Morale: un limpido harakiri.
Non si salva nessuno, non ha nemmeno senso guardare alle prestazioni dei singoli, una nota però la faccio: Ruzzier (definito pochi giorni fa dal coach il miglior play del torneo come difensore), è stato buggerato dal terzo playmaker di Roma, un peperino alto 174 cm. (Domenico D'Argenzio) autore di 11 punti in 12 minuti e autentico trascinatore dei suoi sul quale non gli è rimasto altro che bloccarlo con un fallo antisportivo, cosa rara per lui. 

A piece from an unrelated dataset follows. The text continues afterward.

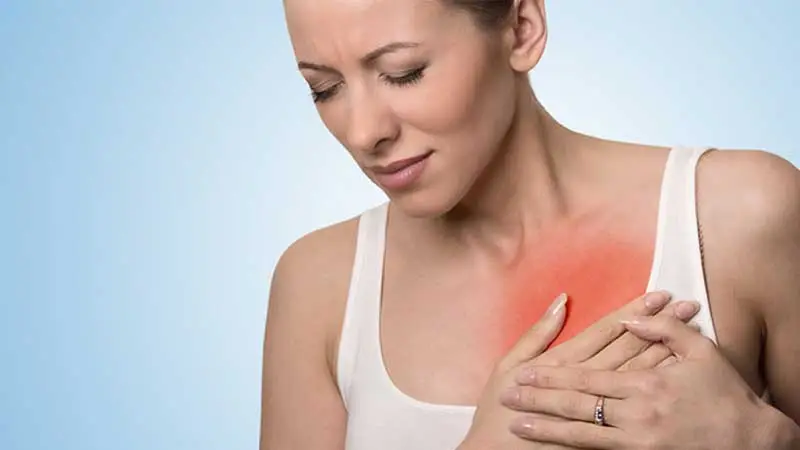 mastrit yaşayan kadın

Aggiungo: al rientro in campo dopo il time out a 30" dalla fine la curva nord è stata fantastica nell'incitare e sostenere i nostri ragazzi che hanno risposto con un finale inguardabile e ingiudicabile che ha scatenato bordate di fischi e cori offensivi verso il GM Arcieri, con tensioni proseguite ben oltre la fine della contesa.
In sala stampa Arcieri ha ribadito che si va avanti con fiducia e che non cambia nulla, pur se si è raggiunto il punto più basso della stagione (e farlo a febbraio è un traguardo veramente gratificante a mio parere).
Sinceramente si rimane sbigottiti a sentire certe rivisitazioni della gara, ma il coach ci ha già abituato al nulla per cui...nulla di nuovo. Per aspera ad astra.